Jumat, 02 April 2010

Bebas dari kungkungan konsep

Profesor yang satu ini memang eksentrik.

Rambutnya yang sudah banyak beruban dibiarkan panjang dan diikat ekor kuda, jenggotnya yang panjang dan kumisnya yang juga beruban dibiarkan agak liar memenuhi sekitar mulutnya yang selalu terselip sebatang rokok Jisamsoe kesukaannya.

Salah satu yang diajarkannya adalah mencoba membongkar persepsi yang terkungkung oleh konsep, oleh ide, dan oleh dogma. Pembebasan diri dari kungkungan seperti itu kedengaran mudah, namun ternyata bagi banyak orang tidak selalu semudah membalikkan telapak tangan. Hari itu dia berbicara tentang agama, berbagai belief systems, sistem kepercayaan yang ada di Indonesia.

Dia mendekati salah satu mahasiswa yang sedang mengikuti kuliahnya pada hari itu, dan dengan tatapan matanya yang tajam dibalik kacamata bulat kecil yang nampak lucu, dia bertanya: " .. apa pendapatmu seandainya tuhan tidak ada .. ?" Sebuah pertanyaan yang tidak terduga, dan sebuah pengandaian yang tidak umum dilakukan. Si mahasiswa terlihat gelagapan dan tidak bisa menjawab.

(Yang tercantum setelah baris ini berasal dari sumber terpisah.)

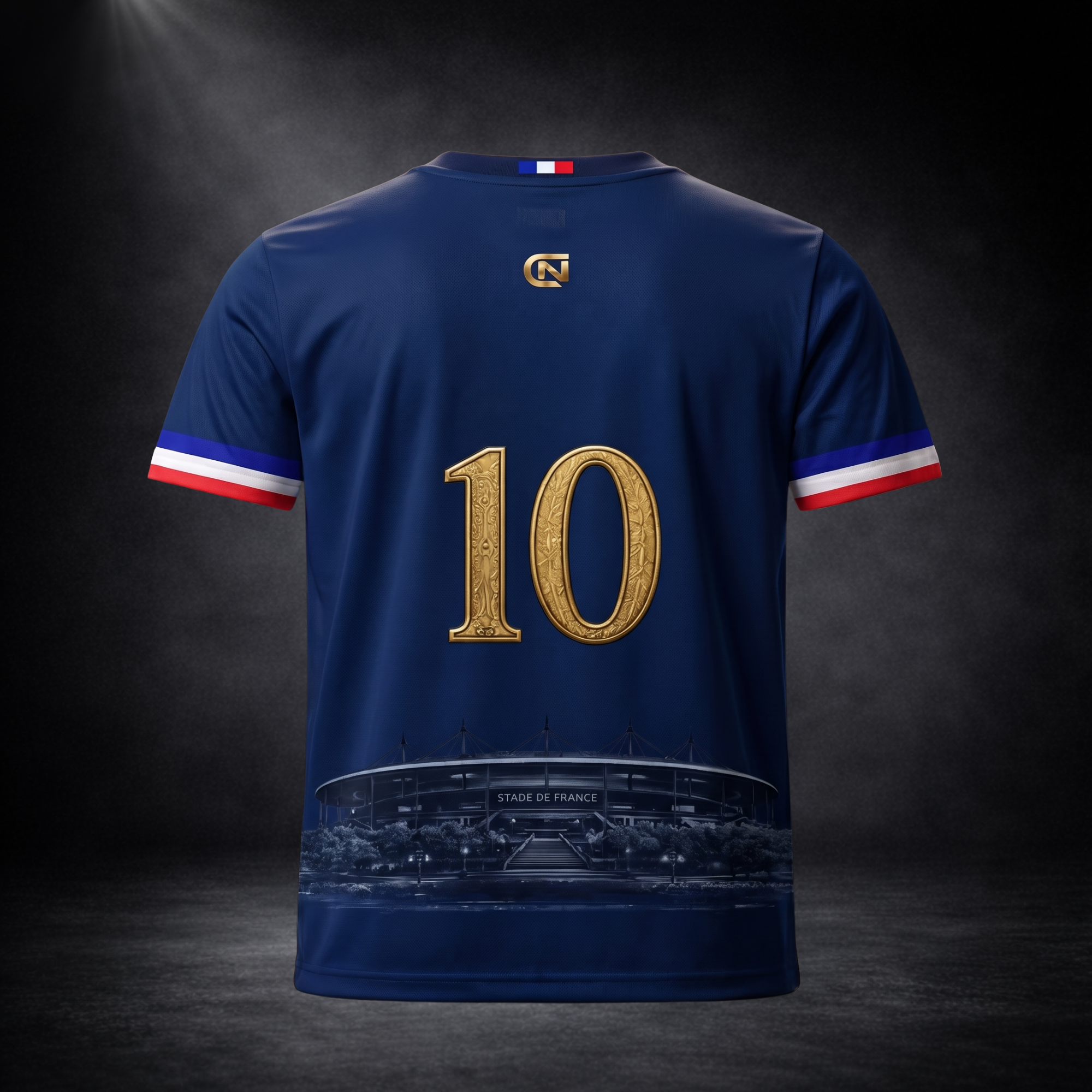 Rückansicht eines exklusiven dunkelblauen CERTANU Frankreich Fußballshirts vor elegantem dunklem Studiohintergrund. Im Mittelpunkt der Rückseite befindet sich eine große goldene Nummer 10 mit edler Strukturprägung. Im unteren Bereich ist das Stade de France als dezente monochrome Illustration integriert und verleiht dem Design einen hochwertigen Premium-Look. Rot-weiß-blaue Streifen an den Ärmeln sowie ein kleines CERTANU Logo unter dem Kragen greifen die französischen Nationalfarben stilvoll auf. Hochwerti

Lalu profesor itu mendekati seorang mahasiswa perempuan dan bertanya: " .. kenapa kamu pakai beha dan celana dalam ..?" Si mahasiswa tidak dapat menjawab dan hanya mampu memperlihatkan wajahnya yang mendadak berubah merah menahan malu.

Setelah itu profesor ini mulai menjelaskan betapa seseorang akan sukar sekali membebaskan diri dari sebuah ide yang selama hidupnya sudah menjadi kebiasaan, sebuah kepercayaan, sebuah dogma, bahkan menjadi sebuah iman, bagian dari sebuah sistem kepecayaan. Ketika diajukan sebuah pernyataan antitesis, seseorang tidak pernah siap untuk menerimanya. Sewaktu seseorang diajak untuk berpikir keluar dari kotak (out of the box), dia sering merasa gamang karena kemudian tidak mempunyai dasar berpijak atau pegangan yang sudah secara umum tersedia atau disediakan oleh orang lain.

Lalu, pertanyaan berikut misalnya: bisakah kita hidup seandainya tidak ada Tuhan?

Barangkali bagi seorang muslim atau kristen, hal ini tidaklah mungkin terjadi. Banyak alasannya, termasuk misalnya, lalu siapa yang menciptakan kita dan alam beserta semua isinya ini? Namun bagi seorang buddhis, ada tuhan ya syukur, tidak ada juga tidak apa-apa. Lain lagi bagi seorang atheist, yang misalnya akan bertanya kembali, memang Tuhan pernah ada? Kalaupun ada itu kan ciptaan manusia, sehingga "keberadaannya" gak penting amat.

Manusia hidup dan berkembang berdasarkan opini. Opini yang diterima dan berlaku umum kemudian menjadi sebuah nilai yang dianut dan diagungkan. Mempertanyakan dan mengajukan anti-thesis terhadap nilai-nilai ini menjadi sebuah anomali perspektif. Bahkan bisa dianggap pemberontakan terhadap tradisi, konvensi dan budaya.

Bagiku, kebebasan dari konsep, mempunyai ide kreatif, keberanian menerobos dan mendobrak perspektif untuk menemukan nilai universal merupakan awal dari kebahagiaan dalam hidup. Karena kebebasan seperti itu mampu menjangkau nilai-nilai yang lebih luas, lebih dalam dan berlaku bagi siapapun dan apapun. Kemampuan ini juga merupakan keterbukaan terhadap sesuatu yang baru, sebuah proses pembelajaran yang diperlukan untuk memperkaya pemahaman kita tentang hidup dan kehidupan ini. Sebuah sifat yang universal dan menjadi obyektif, tidak lagi relatif. Realitas adalah nilai2 yang tidak relatif. Di situlah kita bisa memahami realitas, hidup lebih membumi tidak mengawang, akan lebih mampu menemukan kemanusiaan kita sendiri. Kearifan akan lebih mudah kita pupuk dari pemahaman akan nilai kemanusiaan kita.